L'apparence des craquelins à la sortie du four dépend de la conception du couteau utilisé. Les craquelins coupés de manière à ce que la coupe soit autour de chaque pièce auront la même couleur sur chaque bord. Les craquelins qui sont coupés de manière à ce que la coupe ne soit pas de tous les côtés de chaque pièce et qui sont posés en larges bandes sur la ceinture du foyer ont des bords avant et arrière plus foncés que les côtés. En raison du retrait latéral de la pâte, les bandes des pâtons sont déchirées et ne représentent pas une bande entière à travers la bande. Il y a généralement un ou deux endroits où les craquelins sont répartis, mais à moins que des précautions particulières n'aient été prises sur le couteau, ces cassures seront plus ou moins aléatoires. En règle générale, les espaces seront à un tiers du bord de la bande. Là où les craquelins se sont fendus, les craquelins seront plus foncés sur les bords de tous les côtés, en particulier les craquelins aux extrémités de chaque rangée croisée. Il est entendu que ces craquelins ayant trois plutôt que deux côtés exposés aux gaz d'un four chaud auront une répartition différente de l'humidité du centre vers les bords. De plus, les craquelins à la rupture des rayures ne s'aligneront pas avec les craquelins correspondants dans les rayures précédentes et suivantes.
    Les craquelins rayés sont séparés (cassés) par un système de disques servant à plier les bandes cuites le long des lignes marquées par le cutter (d'abord dans un sens, puis dans l'autre). Un désalignement grave des craquelins causé par la séparation pendant la cuisson peut endommager certains des craquelins avec ces disques. Par conséquent, il est recommandé que des mesures soient prises sur le couteau pour obtenir des marques légèrement plus fortes afin de faciliter la même séparation des bandes lors de la cuisson (par exemple, à une distance d'un et deux tiers de la largeur de la bande).
    La production de produits à base de pâte à levure
Pendant la fermentation, il y a une libération importante de dioxyde de carbone et d'alcool volatil. Plus la durée du processus de fermentation est longue, plus le gaz est libéré. Cela signifie un rendement réduit car les sucres et les produits d'hydrolyse de l'amidon sont fermentés par la levure. On estime que pendant la fermentation, 2 à 6% de la matière sèche de la farine peuvent être fermentés. Pendant une heure de fermentation, cependant, les pertes sont négligeables. On dit que la perte lors de l'utilisation d'une méthode de fermentation continue sur un produit semi-fini liquide est de 1,5% en poids de farine.
   littérature
Brit. Tapoter. 1037883, (1966) Eiton et Wade, améliorations dans et relatives à la fabrication de biscuits à la crème.
SIELER, DAL (1978) La microflore de gâteau et de ses ingrédients, gâteau et biscuit Conférence Alliance Technologues.
WADE, P. (1988) Biscuits, craquelins et biscuits, Vol 1, Les principes de l'artisanat, Elsievier Applied Science, Londres.
WADE, P. (1972) Technologie de fabrication de biscuit: enquête sur le rôle de la fermentation dans la fabrication de biscuits à la crème. J. Sci. FdAgric., 23, 1021-34.
Brit.
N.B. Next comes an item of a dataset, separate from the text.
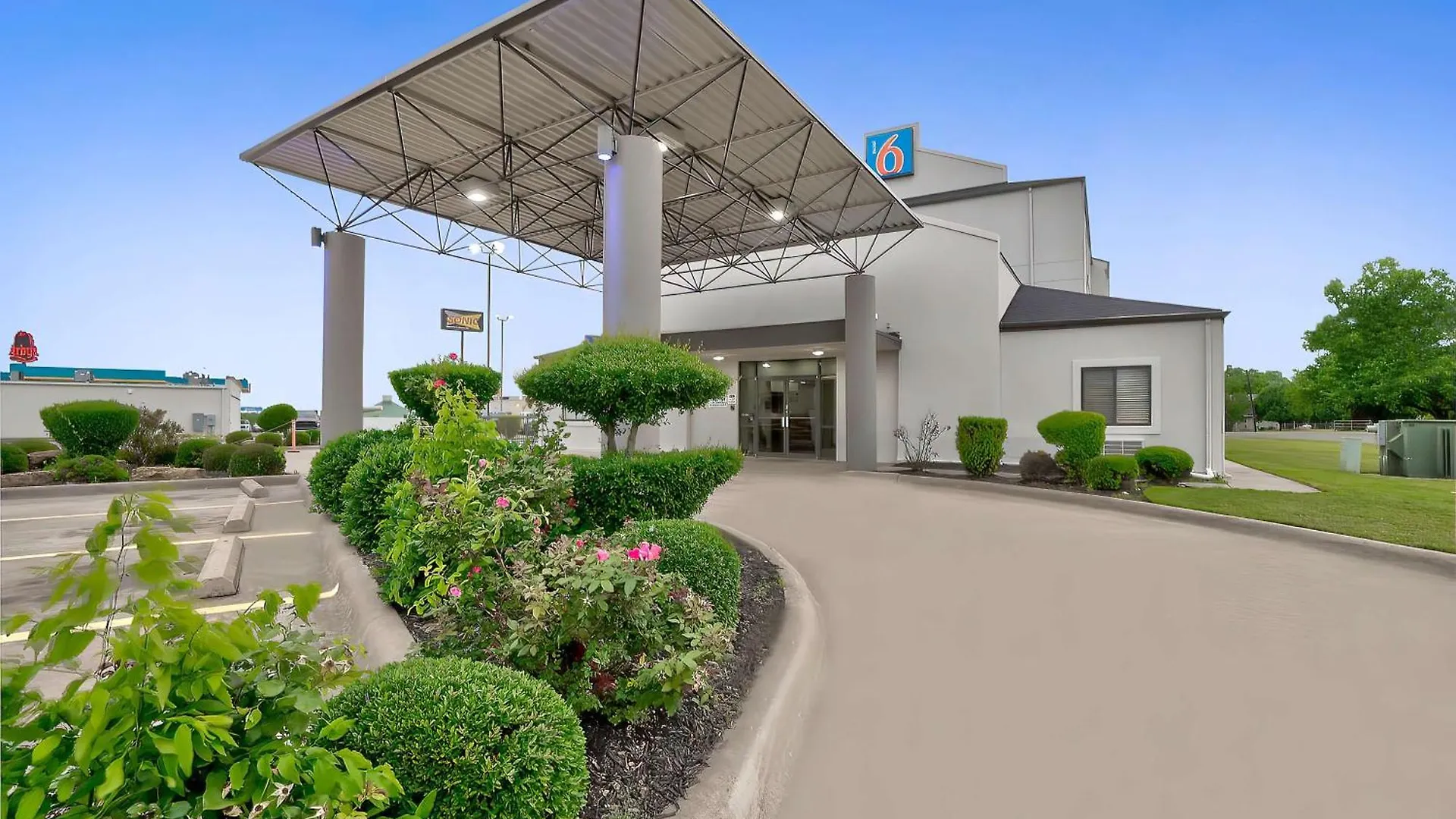 4 Hotels Near Kingdom Hall of Jehovah's Denison for Easy Access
Tapoter. 1580442, Newbery et Wiggins, Améliorations relatives à la production de biscuits.
lectures complémentaires
MANLEY, DJR (1998) Biscuit, biscuits et de craquelins de fabrication manuels, 2. Biscuit Doughs, Woodhead Publishing, Cambridge.
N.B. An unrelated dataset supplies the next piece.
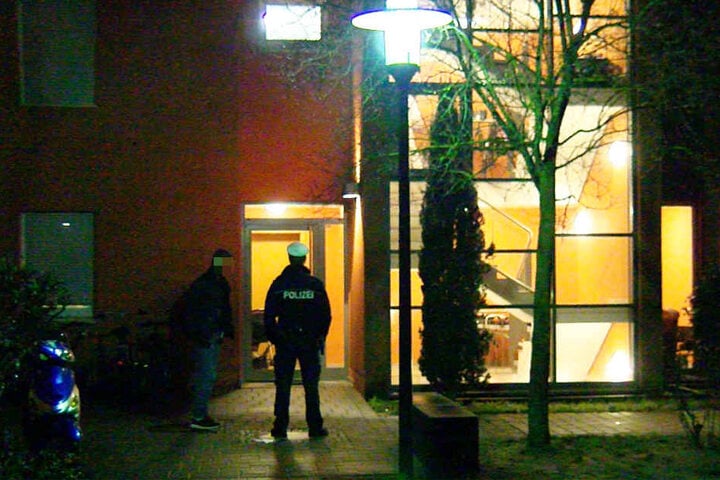 Ein Polizist steht vor dem Haus, in dem der 41-Jährige erschossen wurde.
MANLEY, DJR (1998) Biscuit, biscuits et de craquelins de fabrication manuels, 3. Biscuit morceau de pâte formant, Woodhead Publishing, Cambridge.
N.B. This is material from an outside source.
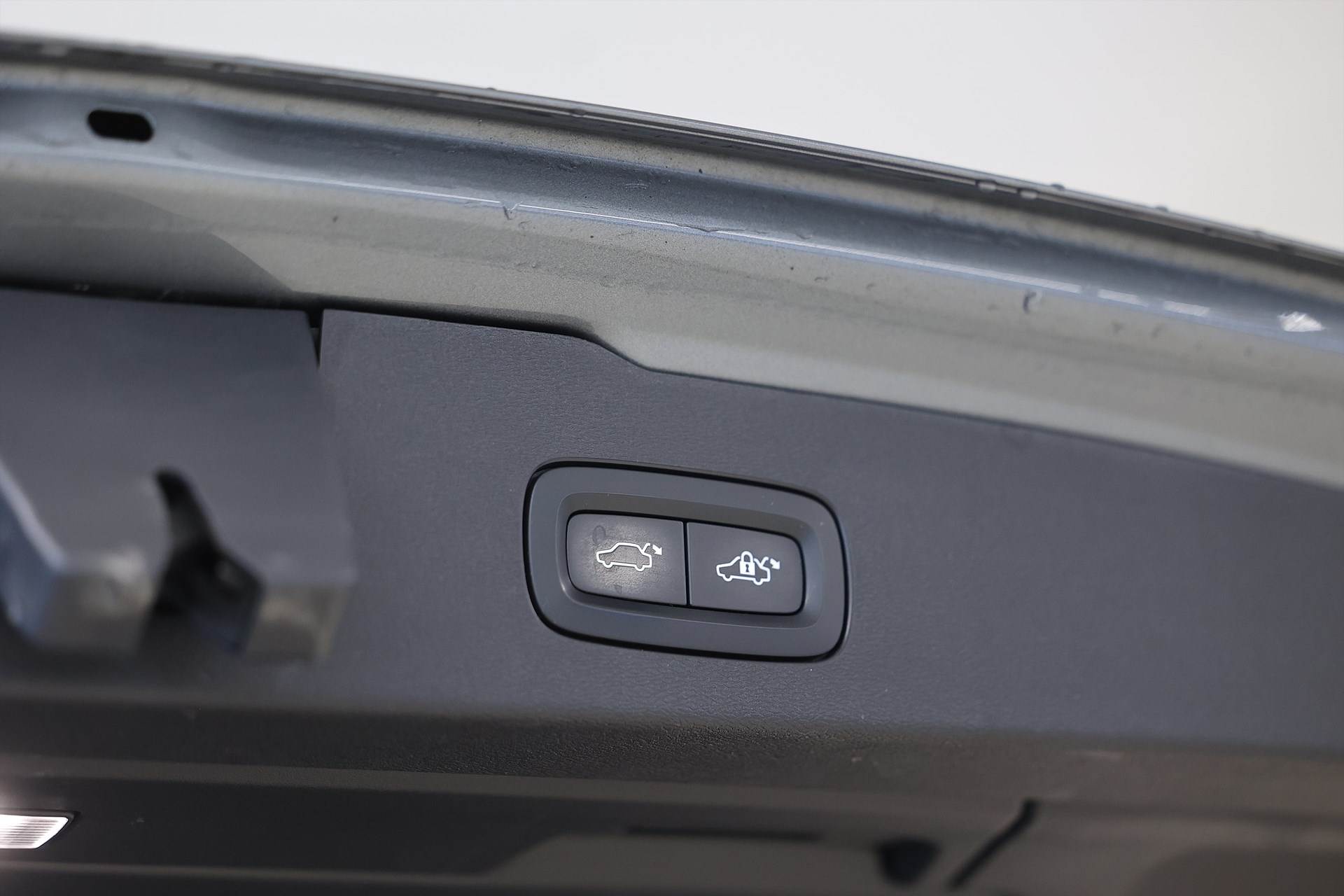 Volvo V60 T8 Twin Engine AWD 392hk Inscription H/K Värmare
MANLEY, DJR (1998) Biscuit, biscuits et de craquelins de fabrication manuels, 4. Cuisson et coolingof biscuits, Woodhead Publishing, Cambridge.
LEVLNII, L. et DREW BA (1994) Plaquage de pâtes à biscuits et craquelins. The science of cookie and cracker production, édité par H. Faridi, Chapman & Hall, Londres.


[*] Voir. Remarque scientifique. Éd. dans le ch. 20.

Ajouter un commentaire

Votre adresse e-mail ne sera pas publiée. Обязательные поля помечены *

Ce site utilise Akismet pour lutter contre le spam. Découvrez comment vos données de commentaires sont traitées.